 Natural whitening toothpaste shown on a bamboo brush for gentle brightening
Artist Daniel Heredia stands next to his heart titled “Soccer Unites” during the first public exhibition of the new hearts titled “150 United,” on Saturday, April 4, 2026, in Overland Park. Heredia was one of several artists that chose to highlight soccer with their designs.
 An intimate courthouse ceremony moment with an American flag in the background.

************

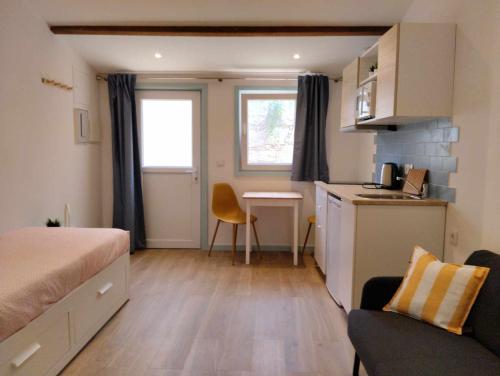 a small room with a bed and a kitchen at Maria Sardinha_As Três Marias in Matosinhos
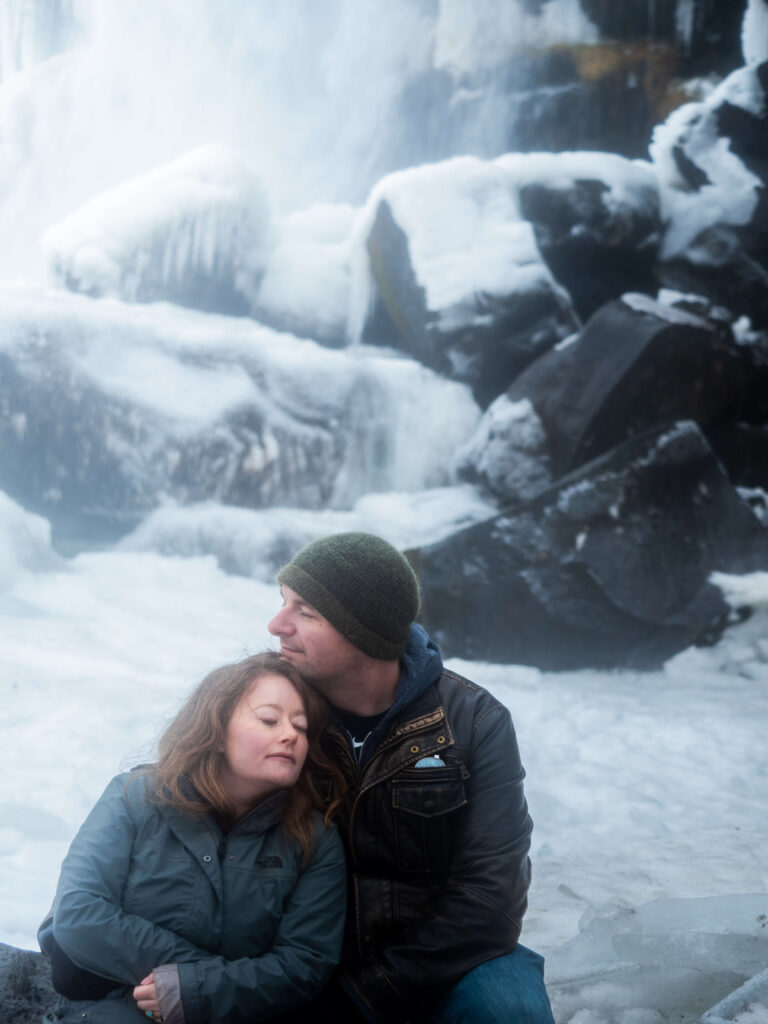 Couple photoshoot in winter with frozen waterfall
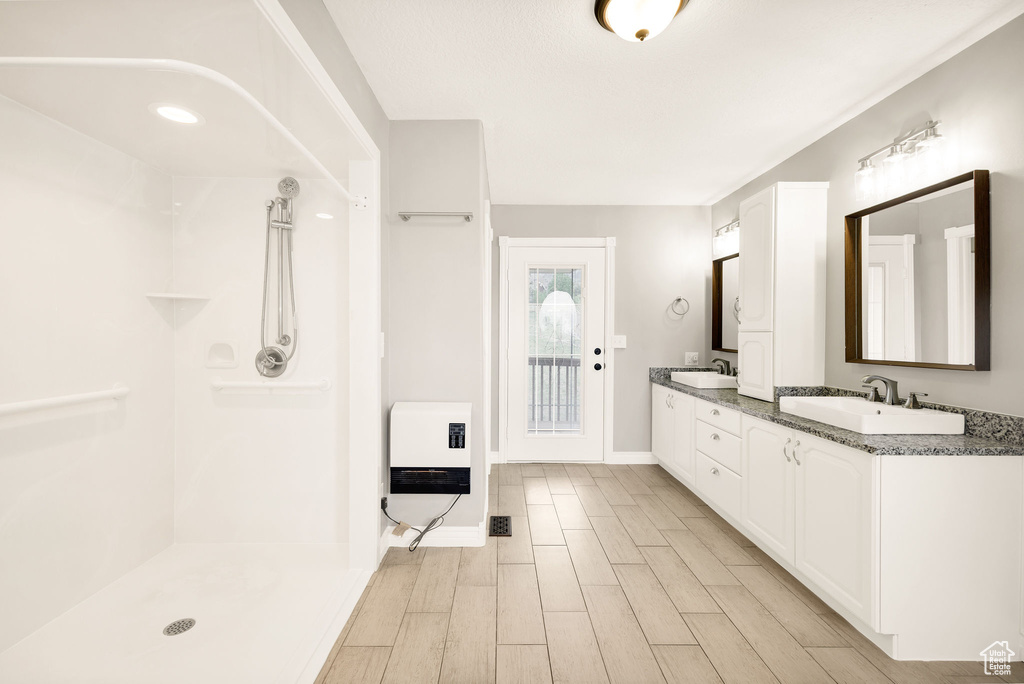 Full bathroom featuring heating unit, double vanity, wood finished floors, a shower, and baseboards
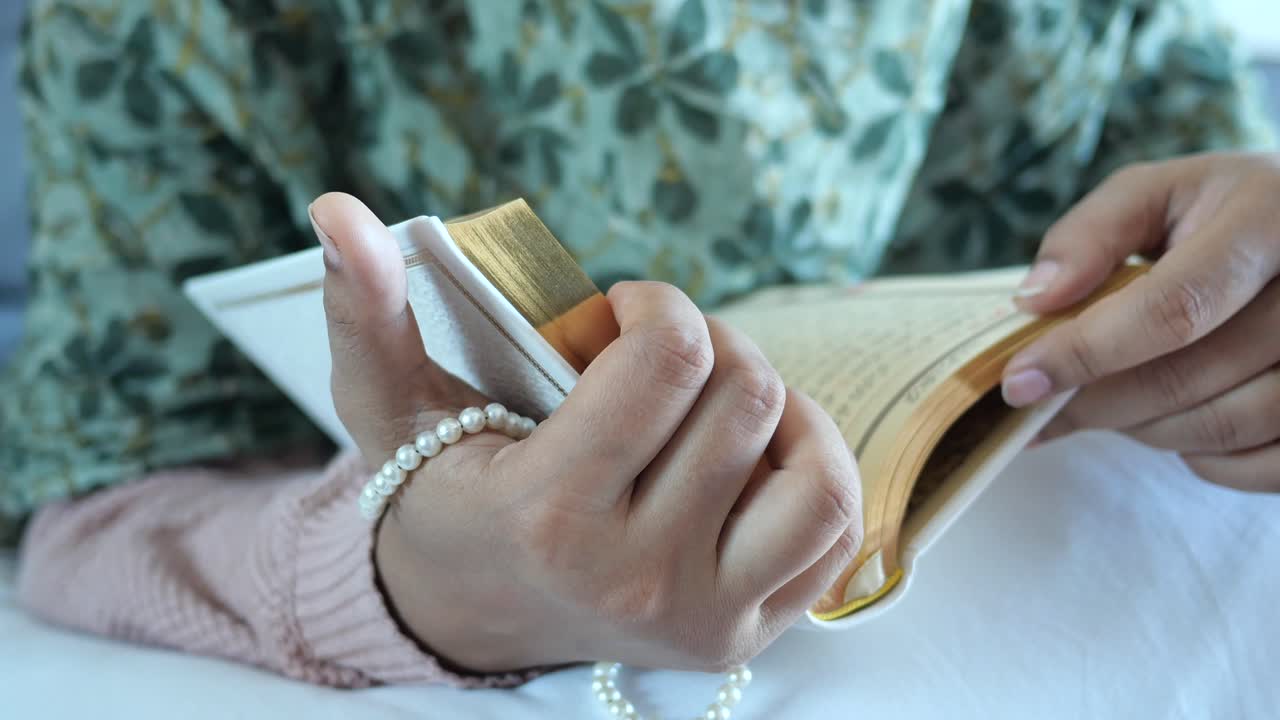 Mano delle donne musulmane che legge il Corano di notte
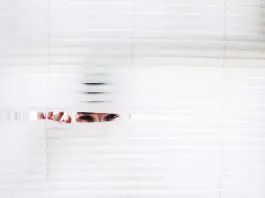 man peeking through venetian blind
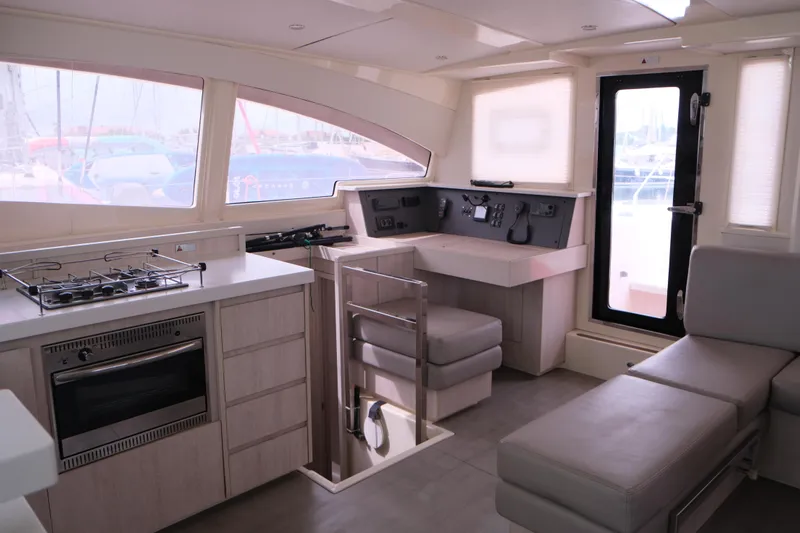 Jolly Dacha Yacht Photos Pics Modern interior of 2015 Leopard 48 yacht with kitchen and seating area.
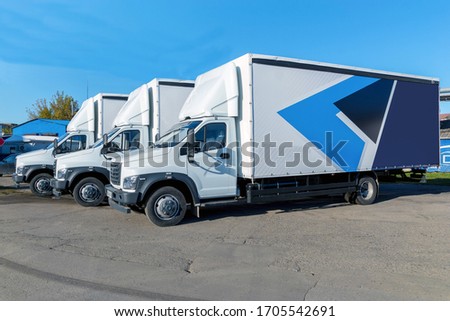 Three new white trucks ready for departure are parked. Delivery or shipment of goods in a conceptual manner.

************

**Try it**.
In the listing above, locate the line containing "Natural whitening toothpaste" and the line containing "An intimate courthouse", then transcribe both and every line between them verbatim.

**Answer**.
 Natural whitening toothpaste shown on a bamboo brush for gentle brightening
Artist Daniel Heredia stands next to his heart titled “Soccer Unites” during the first public exhibition of the new hearts titled “150 United,” on Saturday, April 4, 2026, in Overland Park. Heredia was one of several artists that chose to highlight soccer with their designs.
 An intimate courthouse ceremony moment with an American flag in the background.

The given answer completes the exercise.